• **Your task**: An exact copy of the data is needed, but without any of its images.

• **Provided data**:
----

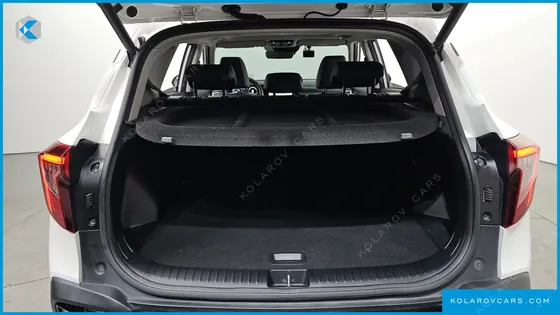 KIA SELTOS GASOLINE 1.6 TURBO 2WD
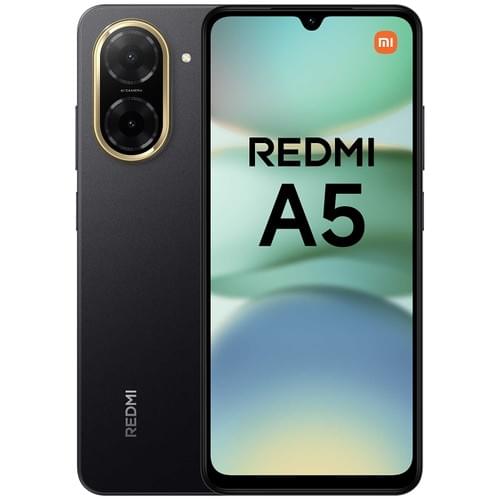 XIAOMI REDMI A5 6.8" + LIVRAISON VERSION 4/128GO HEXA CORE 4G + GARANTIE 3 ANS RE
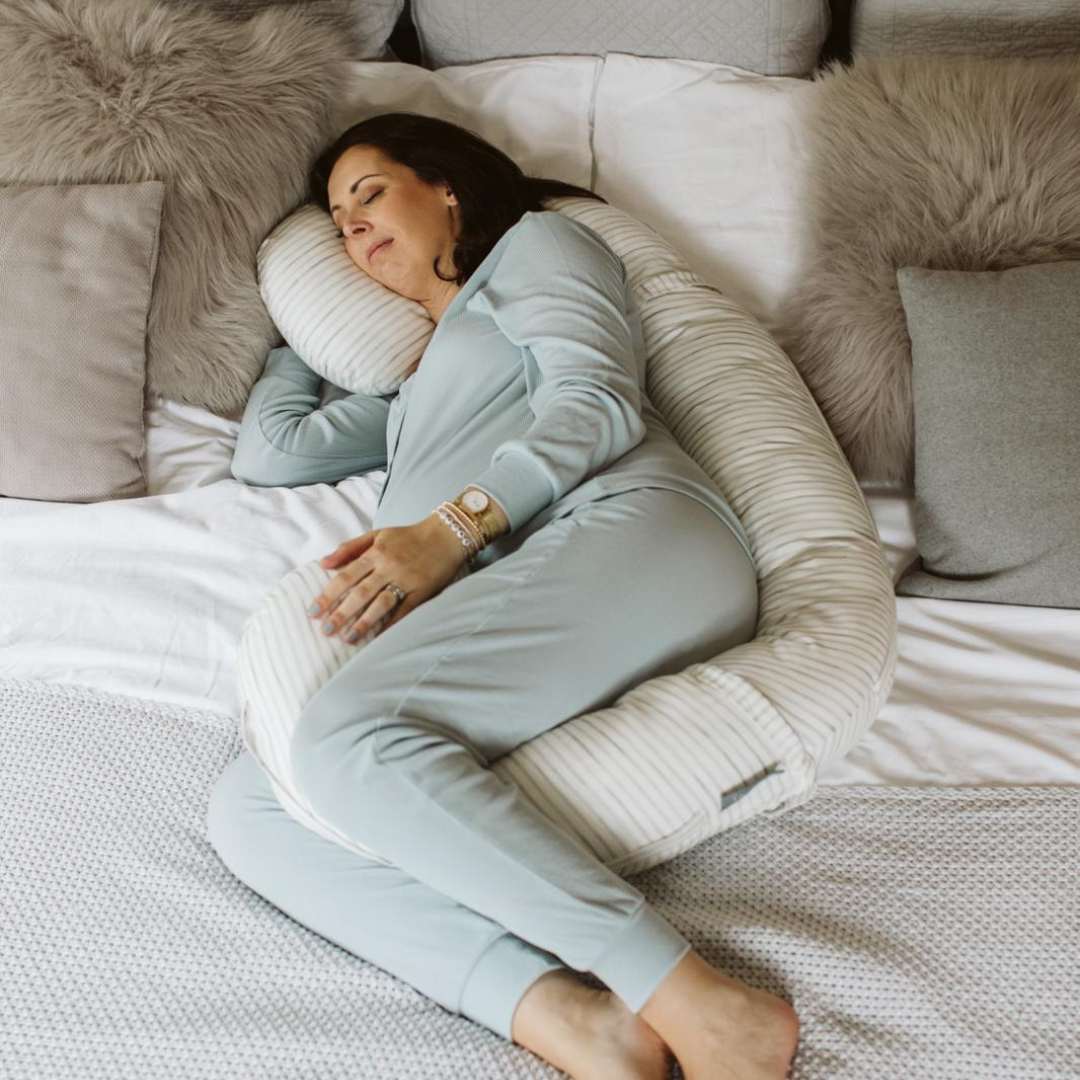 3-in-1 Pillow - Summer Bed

----

• **Result of the exercise**:
 KIA SELTOS GASOLINE 1.6 TURBO 2WD
 XIAOMI REDMI A5 6.8" + LIVRAISON VERSION 4/128GO HEXA CORE 4G + GARANTIE 3 ANS RE
 3-in-1 Pillow - Summer Bed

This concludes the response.